## Data under study

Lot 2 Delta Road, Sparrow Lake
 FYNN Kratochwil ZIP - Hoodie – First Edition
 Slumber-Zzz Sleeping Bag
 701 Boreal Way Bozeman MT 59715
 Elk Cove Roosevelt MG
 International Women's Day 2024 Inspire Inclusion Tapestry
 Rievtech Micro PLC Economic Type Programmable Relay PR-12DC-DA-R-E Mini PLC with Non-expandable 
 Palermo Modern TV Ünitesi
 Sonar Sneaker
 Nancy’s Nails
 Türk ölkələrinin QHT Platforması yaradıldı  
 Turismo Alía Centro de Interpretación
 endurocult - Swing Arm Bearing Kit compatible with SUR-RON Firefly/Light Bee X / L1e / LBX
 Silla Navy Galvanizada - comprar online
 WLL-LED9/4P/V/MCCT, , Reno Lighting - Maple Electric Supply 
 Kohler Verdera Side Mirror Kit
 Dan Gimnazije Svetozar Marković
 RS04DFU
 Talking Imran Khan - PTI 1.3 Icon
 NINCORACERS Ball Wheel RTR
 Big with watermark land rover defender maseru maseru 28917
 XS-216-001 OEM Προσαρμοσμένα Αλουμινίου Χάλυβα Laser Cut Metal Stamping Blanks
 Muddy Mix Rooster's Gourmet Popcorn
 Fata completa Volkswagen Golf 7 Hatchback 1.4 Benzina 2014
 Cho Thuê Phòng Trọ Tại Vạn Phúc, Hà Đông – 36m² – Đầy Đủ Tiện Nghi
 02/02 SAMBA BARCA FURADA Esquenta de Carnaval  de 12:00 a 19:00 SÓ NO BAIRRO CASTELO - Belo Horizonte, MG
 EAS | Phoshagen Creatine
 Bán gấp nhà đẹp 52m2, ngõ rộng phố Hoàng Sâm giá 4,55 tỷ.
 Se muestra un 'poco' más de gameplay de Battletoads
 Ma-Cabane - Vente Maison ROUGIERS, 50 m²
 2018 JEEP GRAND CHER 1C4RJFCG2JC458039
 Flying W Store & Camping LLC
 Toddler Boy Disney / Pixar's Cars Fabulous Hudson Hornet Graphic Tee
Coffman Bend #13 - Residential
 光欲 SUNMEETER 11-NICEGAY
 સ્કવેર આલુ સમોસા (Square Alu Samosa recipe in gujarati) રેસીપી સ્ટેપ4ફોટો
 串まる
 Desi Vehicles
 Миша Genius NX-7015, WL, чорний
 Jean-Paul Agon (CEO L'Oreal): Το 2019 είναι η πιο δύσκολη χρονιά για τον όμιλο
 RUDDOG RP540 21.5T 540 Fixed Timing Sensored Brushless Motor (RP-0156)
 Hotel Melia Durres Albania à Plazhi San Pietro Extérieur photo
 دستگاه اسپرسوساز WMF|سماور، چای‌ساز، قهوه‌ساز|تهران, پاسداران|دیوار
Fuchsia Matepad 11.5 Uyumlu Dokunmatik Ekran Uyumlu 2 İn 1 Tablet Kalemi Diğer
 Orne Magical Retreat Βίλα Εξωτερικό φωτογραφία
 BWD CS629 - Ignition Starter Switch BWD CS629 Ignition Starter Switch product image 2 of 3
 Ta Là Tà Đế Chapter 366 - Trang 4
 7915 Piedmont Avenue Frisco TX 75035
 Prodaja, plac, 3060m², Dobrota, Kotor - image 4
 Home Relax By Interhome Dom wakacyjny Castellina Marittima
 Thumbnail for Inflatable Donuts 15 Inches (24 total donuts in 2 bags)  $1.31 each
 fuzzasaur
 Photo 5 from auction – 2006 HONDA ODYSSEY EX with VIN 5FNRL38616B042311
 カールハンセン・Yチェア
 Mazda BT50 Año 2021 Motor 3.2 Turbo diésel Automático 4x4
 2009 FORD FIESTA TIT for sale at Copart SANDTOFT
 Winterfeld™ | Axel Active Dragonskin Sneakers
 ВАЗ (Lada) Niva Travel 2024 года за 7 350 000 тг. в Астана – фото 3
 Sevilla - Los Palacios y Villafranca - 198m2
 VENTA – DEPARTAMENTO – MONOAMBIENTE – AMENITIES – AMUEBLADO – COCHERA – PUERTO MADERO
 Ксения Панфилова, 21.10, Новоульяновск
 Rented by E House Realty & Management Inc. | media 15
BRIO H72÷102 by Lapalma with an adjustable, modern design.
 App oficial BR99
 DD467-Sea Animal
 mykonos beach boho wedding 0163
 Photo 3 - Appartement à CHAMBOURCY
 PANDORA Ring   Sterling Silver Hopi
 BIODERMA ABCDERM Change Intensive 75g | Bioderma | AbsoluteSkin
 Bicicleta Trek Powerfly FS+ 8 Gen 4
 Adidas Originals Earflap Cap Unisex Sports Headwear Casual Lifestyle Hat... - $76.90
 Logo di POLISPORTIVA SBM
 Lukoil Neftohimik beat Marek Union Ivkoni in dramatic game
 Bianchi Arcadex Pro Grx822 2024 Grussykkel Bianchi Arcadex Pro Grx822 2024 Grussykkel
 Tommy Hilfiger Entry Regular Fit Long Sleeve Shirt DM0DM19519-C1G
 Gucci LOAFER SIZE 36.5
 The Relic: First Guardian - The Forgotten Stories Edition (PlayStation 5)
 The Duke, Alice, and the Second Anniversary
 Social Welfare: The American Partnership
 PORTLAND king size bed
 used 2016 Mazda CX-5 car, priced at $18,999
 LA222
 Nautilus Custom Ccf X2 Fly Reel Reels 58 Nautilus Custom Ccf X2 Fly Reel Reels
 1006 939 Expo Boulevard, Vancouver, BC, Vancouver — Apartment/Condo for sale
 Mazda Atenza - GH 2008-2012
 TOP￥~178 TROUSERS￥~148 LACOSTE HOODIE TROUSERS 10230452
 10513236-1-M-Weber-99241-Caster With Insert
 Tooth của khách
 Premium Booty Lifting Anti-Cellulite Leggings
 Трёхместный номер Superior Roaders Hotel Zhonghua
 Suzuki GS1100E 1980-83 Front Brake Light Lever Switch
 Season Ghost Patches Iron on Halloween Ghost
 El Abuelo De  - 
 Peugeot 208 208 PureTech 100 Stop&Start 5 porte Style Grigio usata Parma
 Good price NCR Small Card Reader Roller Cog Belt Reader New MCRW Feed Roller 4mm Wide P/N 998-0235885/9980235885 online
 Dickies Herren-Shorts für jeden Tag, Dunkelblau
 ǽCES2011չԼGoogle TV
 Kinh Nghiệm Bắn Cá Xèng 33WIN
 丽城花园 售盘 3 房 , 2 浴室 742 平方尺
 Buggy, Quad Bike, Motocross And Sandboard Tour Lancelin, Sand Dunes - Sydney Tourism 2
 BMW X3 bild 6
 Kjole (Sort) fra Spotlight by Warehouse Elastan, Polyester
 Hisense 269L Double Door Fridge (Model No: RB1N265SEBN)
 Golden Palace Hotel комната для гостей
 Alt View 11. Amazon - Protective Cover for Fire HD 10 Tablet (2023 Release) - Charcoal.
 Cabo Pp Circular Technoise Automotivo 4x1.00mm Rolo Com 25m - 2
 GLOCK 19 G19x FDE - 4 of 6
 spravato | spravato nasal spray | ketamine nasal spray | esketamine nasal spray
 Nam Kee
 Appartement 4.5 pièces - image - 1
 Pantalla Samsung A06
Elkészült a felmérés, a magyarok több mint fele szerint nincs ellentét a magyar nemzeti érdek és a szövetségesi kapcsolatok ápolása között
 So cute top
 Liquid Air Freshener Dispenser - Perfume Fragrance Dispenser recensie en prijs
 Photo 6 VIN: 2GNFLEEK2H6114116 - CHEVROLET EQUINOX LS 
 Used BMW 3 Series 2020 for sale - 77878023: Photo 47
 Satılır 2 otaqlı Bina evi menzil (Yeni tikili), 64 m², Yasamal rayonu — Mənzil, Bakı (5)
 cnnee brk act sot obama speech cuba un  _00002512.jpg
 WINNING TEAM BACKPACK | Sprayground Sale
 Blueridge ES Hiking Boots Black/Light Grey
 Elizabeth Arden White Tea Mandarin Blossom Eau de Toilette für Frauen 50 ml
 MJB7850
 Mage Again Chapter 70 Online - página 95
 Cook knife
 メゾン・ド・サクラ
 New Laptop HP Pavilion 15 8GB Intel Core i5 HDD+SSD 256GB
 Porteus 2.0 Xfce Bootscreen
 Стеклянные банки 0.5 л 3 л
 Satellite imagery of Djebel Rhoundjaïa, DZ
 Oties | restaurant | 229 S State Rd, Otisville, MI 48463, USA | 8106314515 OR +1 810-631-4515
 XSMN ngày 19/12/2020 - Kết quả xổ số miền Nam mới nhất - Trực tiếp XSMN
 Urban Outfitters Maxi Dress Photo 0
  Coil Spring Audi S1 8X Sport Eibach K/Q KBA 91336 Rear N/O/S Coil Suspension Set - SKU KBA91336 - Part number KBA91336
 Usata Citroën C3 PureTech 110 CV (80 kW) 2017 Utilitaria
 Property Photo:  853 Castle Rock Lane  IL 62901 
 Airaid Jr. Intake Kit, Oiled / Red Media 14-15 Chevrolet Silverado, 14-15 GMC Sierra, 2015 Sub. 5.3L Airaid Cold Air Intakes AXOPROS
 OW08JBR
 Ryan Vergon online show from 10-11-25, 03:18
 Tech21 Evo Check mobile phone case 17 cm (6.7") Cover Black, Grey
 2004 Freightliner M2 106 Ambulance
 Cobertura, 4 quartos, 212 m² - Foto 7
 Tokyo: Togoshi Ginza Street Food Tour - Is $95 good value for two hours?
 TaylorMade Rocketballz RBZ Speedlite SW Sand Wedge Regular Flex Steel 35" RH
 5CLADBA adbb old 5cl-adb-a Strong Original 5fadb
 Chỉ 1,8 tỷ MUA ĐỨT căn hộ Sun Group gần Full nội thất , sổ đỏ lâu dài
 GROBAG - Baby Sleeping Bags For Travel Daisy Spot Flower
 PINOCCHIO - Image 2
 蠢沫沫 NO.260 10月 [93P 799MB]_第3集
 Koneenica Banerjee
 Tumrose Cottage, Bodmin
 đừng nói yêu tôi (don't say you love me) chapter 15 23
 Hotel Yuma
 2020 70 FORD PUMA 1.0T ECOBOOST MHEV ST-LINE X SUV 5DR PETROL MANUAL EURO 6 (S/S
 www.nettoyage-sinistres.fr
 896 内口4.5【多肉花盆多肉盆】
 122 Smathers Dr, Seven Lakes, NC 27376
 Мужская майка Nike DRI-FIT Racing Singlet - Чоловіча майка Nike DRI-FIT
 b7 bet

## Work item
From the records above, print only the lines between the one holding "Palermo Modern TV Ünitesi" and the one holding "EAS | Phoshagen Creatine", inclusive, exactly as they stand.

## Expected answer
 Palermo Modern TV Ünitesi
 Sonar Sneaker
 Nancy’s Nails
 Türk ölkələrinin QHT Platforması yaradıldı  
 Turismo Alía Centro de Interpretación
 endurocult - Swing Arm Bearing Kit compatible with SUR-RON Firefly/Light Bee X / L1e / LBX
 Silla Navy Galvanizada - comprar online
 WLL-LED9/4P/V/MCCT, , Reno Lighting - Maple Electric Supply 
 Kohler Verdera Side Mirror Kit
 Dan Gimnazije Svetozar Marković
 RS04DFU
 Talking Imran Khan - PTI 1.3 Icon
 NINCORACERS Ball Wheel RTR
 Big with watermark land rover defender maseru maseru 28917
 XS-216-001 OEM Προσαρμοσμένα Αλουμινίου Χάλυβα Laser Cut Metal Stamping Blanks
 Muddy Mix Rooster's Gourmet Popcorn
 Fata completa Volkswagen Golf 7 Hatchback 1.4 Benzina 2014
 Cho Thuê Phòng Trọ Tại Vạn Phúc, Hà Đông – 36m² – Đầy Đủ Tiện Nghi
 02/02 SAMBA BARCA FURADA Esquenta de Carnaval  de 12:00 a 19:00 SÓ NO BAIRRO CASTELO - Belo Horizonte, MG
 EAS | Phoshagen Creatine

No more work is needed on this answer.